Tuesday, May 24, 2011

Dylan at 70

So it’s been five years since I did this. And now Bob Dylan is 70, an unseemly age at which rock ‘n rollers need to seriously consider a future involving adult diapers and pureed food. “How terribly strange to be 70,” Paul Simon once sang, and he was right. He’s only got a couple months to go now, too. You keep waking up in the morning, and before you know it, it happens.

In the intervening five years Bob Dylan has, with characteristic implausibility, released a lot of music. Some of it is old (the historic Newport Folk Festival recordings from ’63 to ’65, the superb collection of outtakes and alternate song versions called Tell Tale Signs, the oft-bootlegged Witmark Demos, and a ’63 concert recording from Brandeis University). Some of it is new (the ridiculously great Modern Times, the mediocre Together Through Life, and the merely ridiculous Christmas in the Heart).

He’s kind of set in his ways now, so you get the feeling that the utter unpredictability of the man and his work is probably not going to change.
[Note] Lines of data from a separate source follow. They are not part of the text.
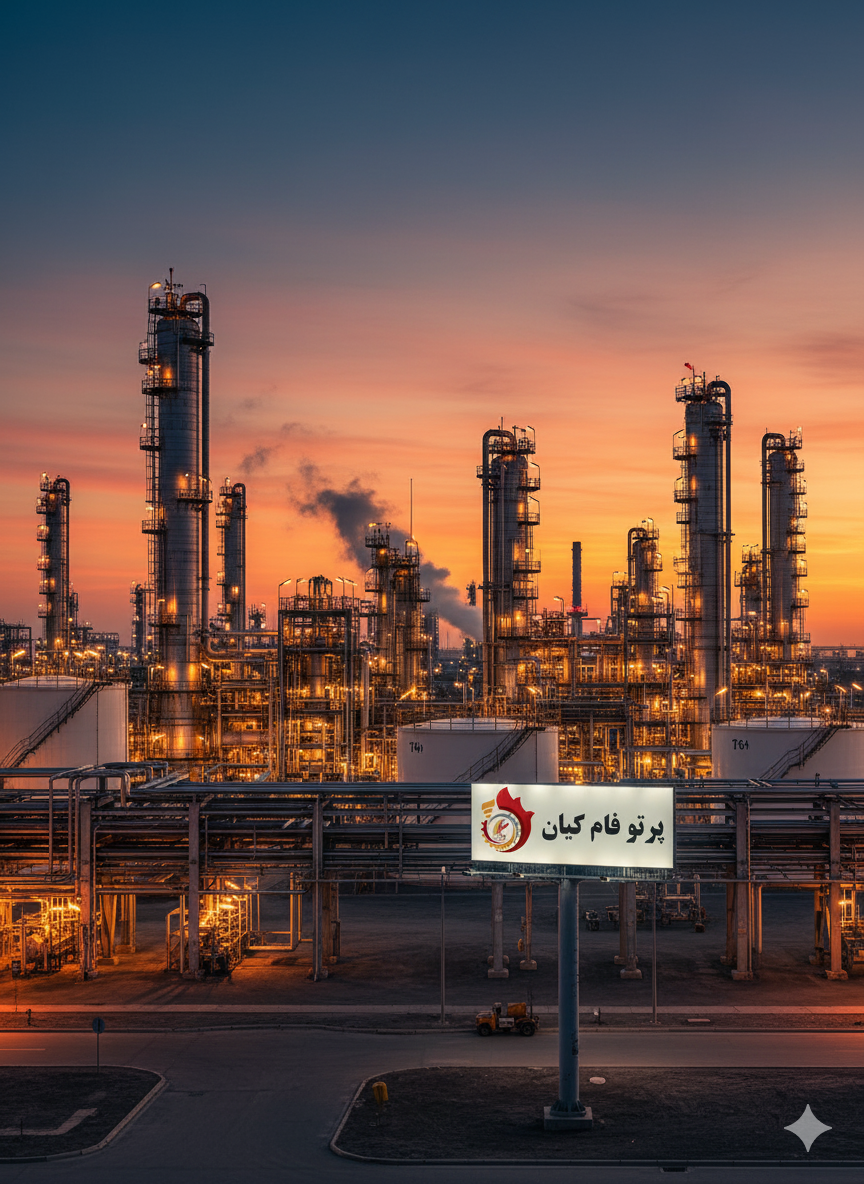 Oil, Gas & Petrochemical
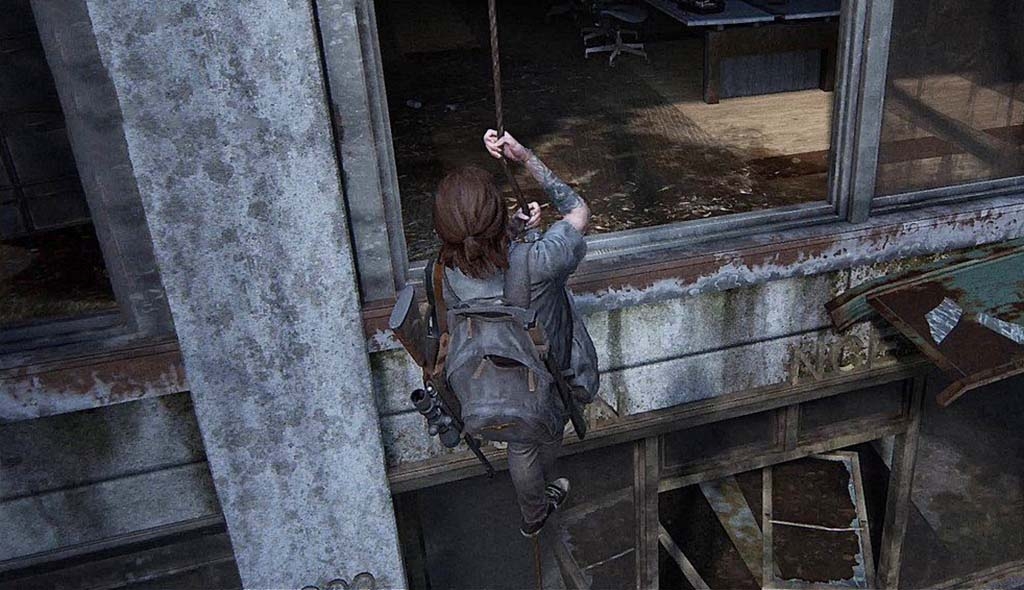 The Last of Us: Part II: Streamer έχασε το Permadeath run με τον πιο αστείο τρόπο
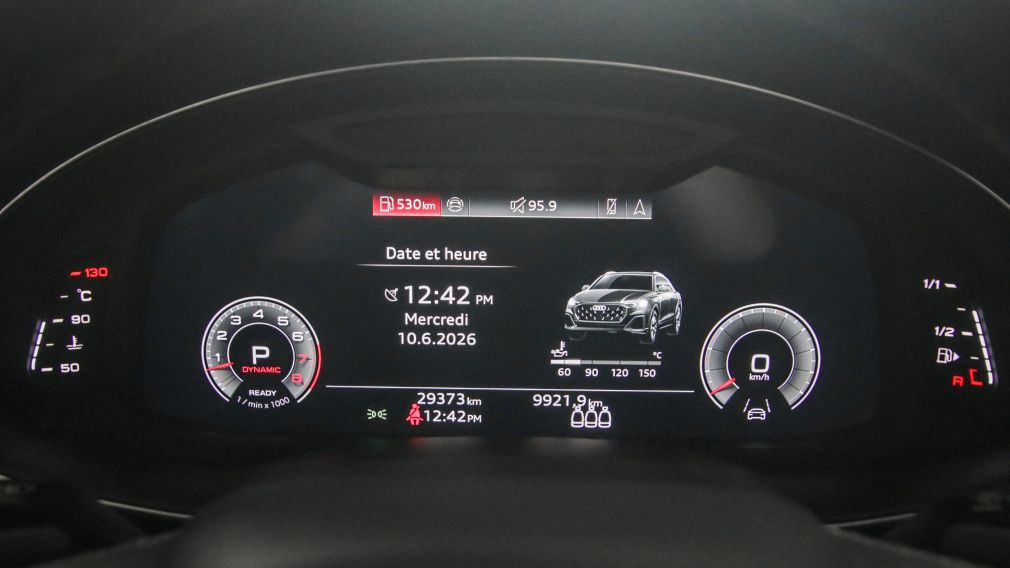 Audi Q8 Progressiv 2025 à vendre à Donnacona - 14
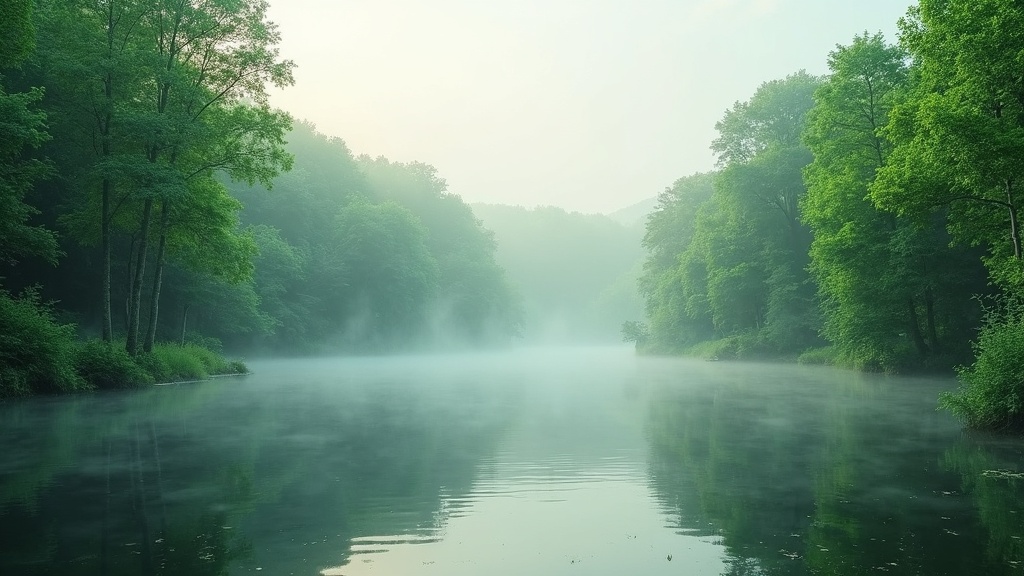 Peaceful environment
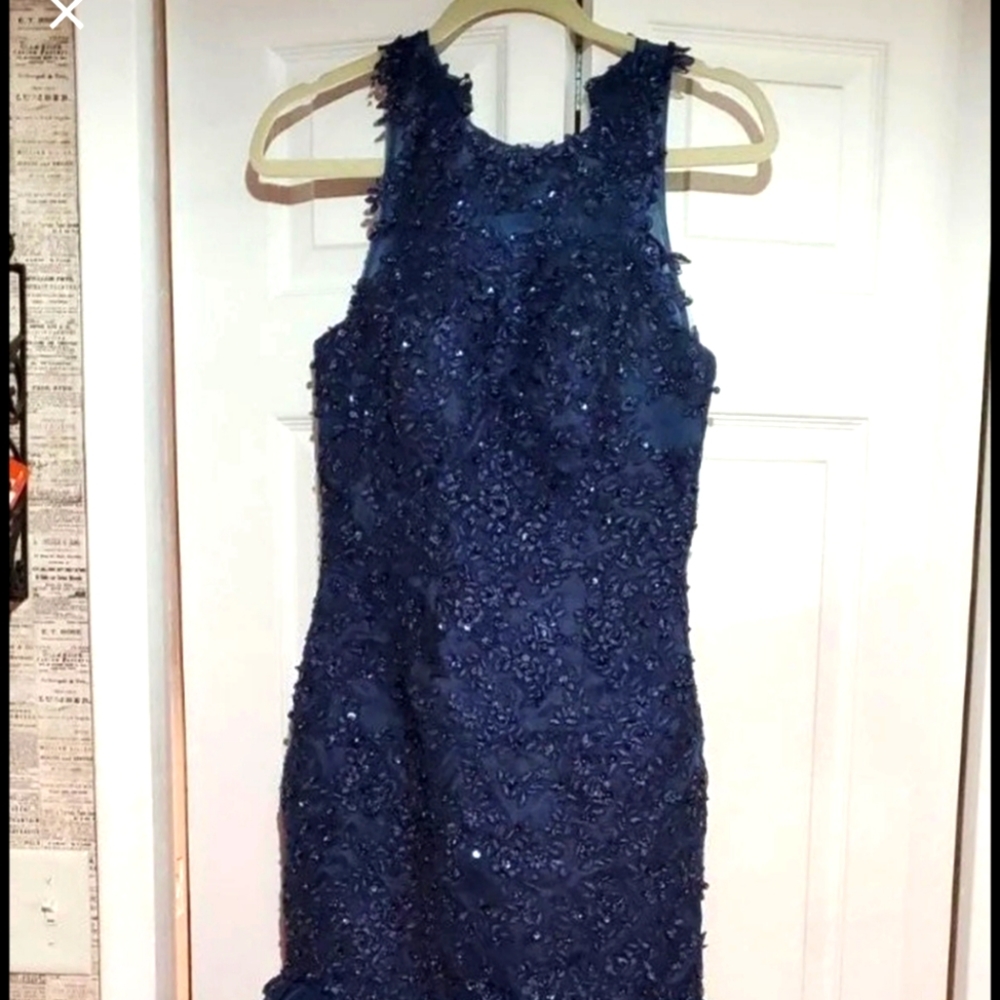 Prom Dress Size 4.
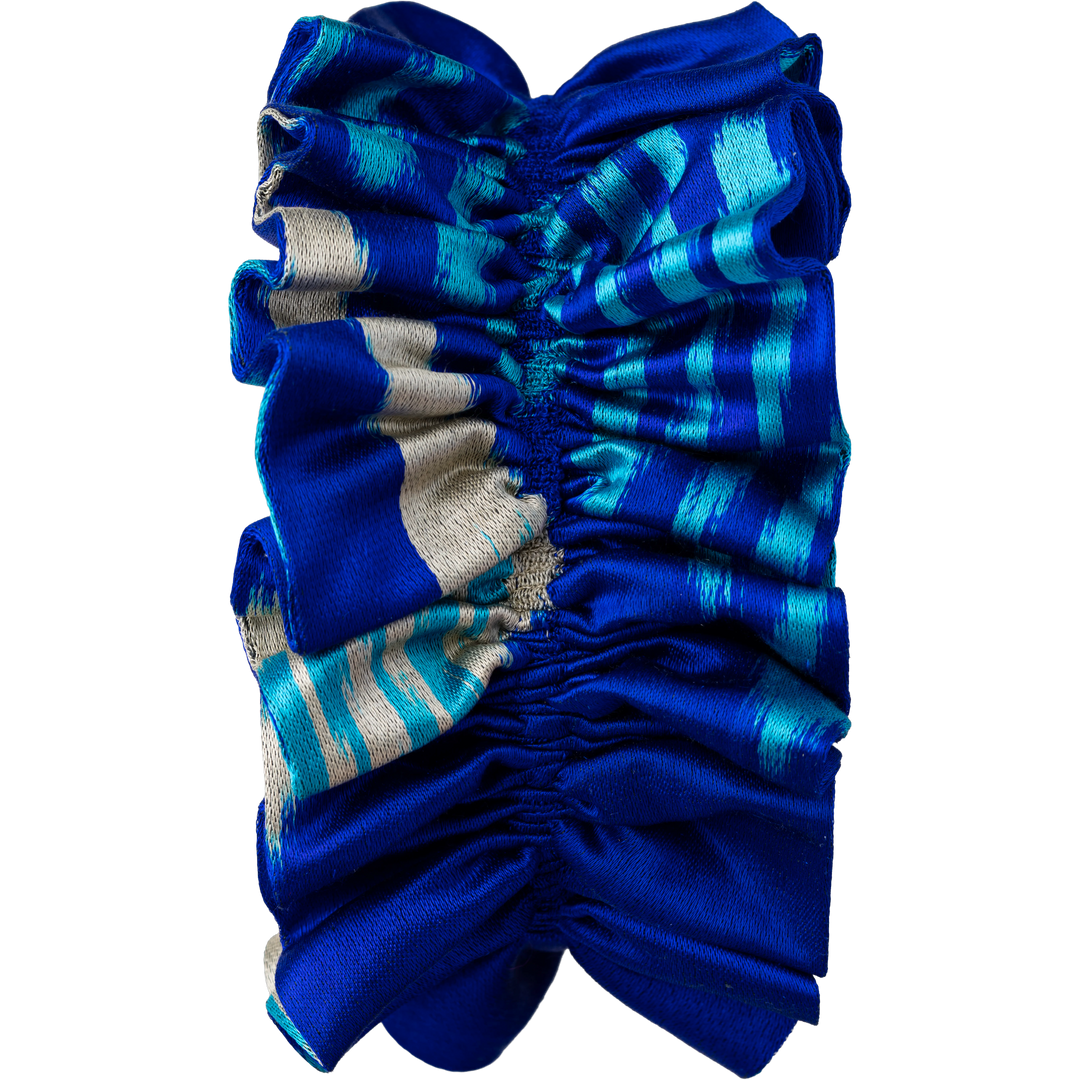 Midnight Ikat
He is, without a doubt, the greatest songwriter and the single greatest presence in the history of what could loosely be construed as rock ‘n roll. But the fact is that rock ‘n roll has never been big enough to encompass what this man does, which ranges from Delta blues to hallucinatory poetry to honky-tonk jukebox anthems to gentle folk to schmaltzy MOR, complete with sappy strings and heavenly host choir accompaniment. And that’s just in the last five years.

At some point he will probably stop making music. But he’ll go out with his boots on and his harmonica rack strapped to his guitar, and the Neverending Tour will have to be cancelled due to unforeseen circumstances. I hope that’s a long, long way off. Happy birthday, Bob. His biography at All Music Guide starts off with “Bob Dylan’s influence on popular music is incalculable.” That’s correct, and I won’t even begin to try to tote it up. But I’ll still marvel at what the man has done, and is doing. He won’t care about that, or about anything else written or said about him. He will go on being Bob Dylan. I suspect that’s part of the reason why we love him.